I want to buy one of these real bad but Im not sure I could house it properly since they get so big. what size tank would I need for a 4" arowana ?


----------



## piranha45 (Apr 8, 2003)

http://kingsoftheaquarium.com/speciesprofiles.htm


----------



## lemmywinks (Jan 25, 2004)

try not to get arrowanas that small, iv heard they are nearly imposible to keep when they are that size. try to get one that is atleast 6-8 inches


----------



## nitrofish (Jan 14, 2003)

how am I going to find a 36" wide tank? I guess no aro for me.


----------



## piranha45 (Apr 8, 2003)

nitrofish said:


> how am I going to find a 36" wide tank? I guess no aro for me.

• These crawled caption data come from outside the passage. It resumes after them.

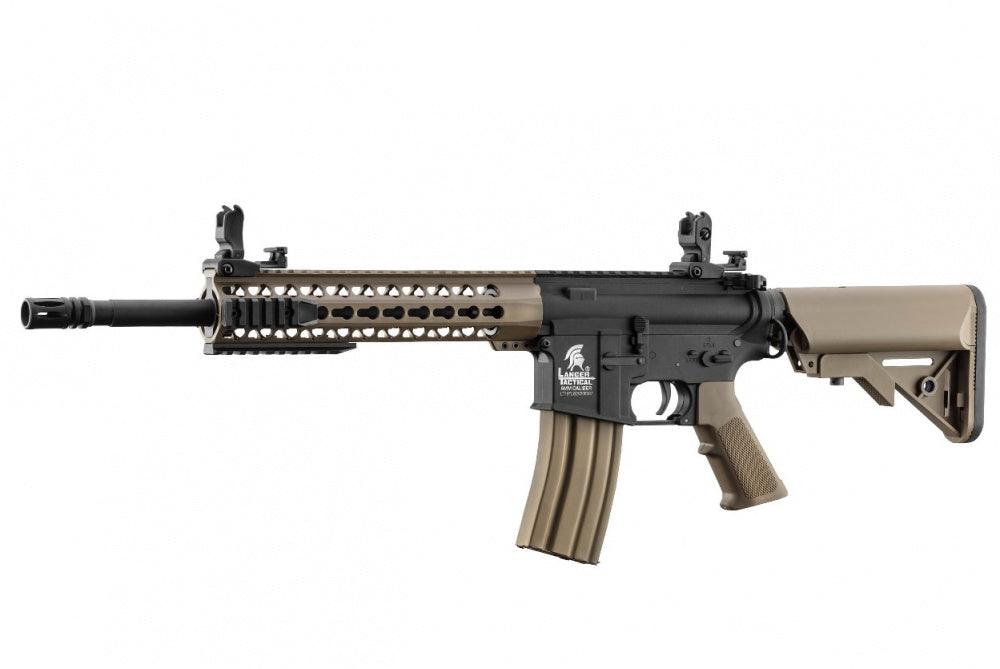 LT-19 - M4 Keymod Electric Softgun Rifle V2 - Tan/Black (PACKAGE) - Game-On.com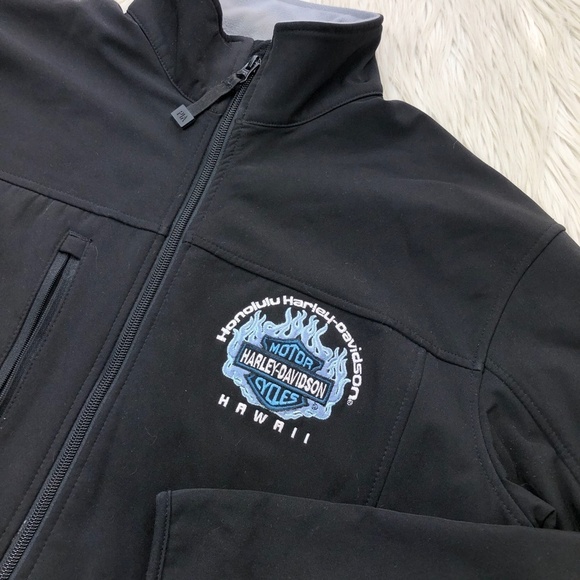 Harley-Davidson Honolulu Hawaii Embroidered Zip Front Soft-Shell Jacket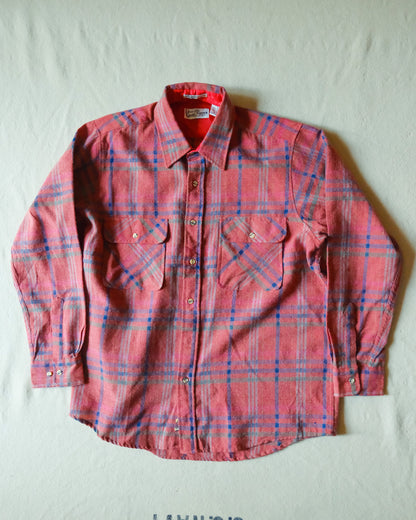 【L/残り１点】【TOD ONLINE】SEARSROEBUCK, WOOL SHIRT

well, if you don't like a real aquarists advice, you could always go to arrowfanatics.com and ask them. They'd say a 125g tank would suit a silver arrow just fine









yes that was sarcasm








glad you decided otherwise









i think arrowanas and pacu and irridescent sharks are three fish that really shouldnt be so readily available...


----------



## Hoser98 (Dec 31, 2003)

The tank should be as long as your fish, not as wide. Besides that, the chance of your Arrowana growing to 36" in your home aquarium, probably not that good. The largest I've heard of in a home was 24".


----------



## Kory (Jun 5, 2003)

Your on crack if you think a tank should only be as long as your fish. What are they going to do just sit in one place.


----------



## Lahot (May 20, 2003)

Hoser98 said:


> The tank should be as long as your fish, not as wide. Besides that, the chance of your Arrowana growing to 36" in your home aquarium, probably not that good. The largest I've heard of in a home was 24".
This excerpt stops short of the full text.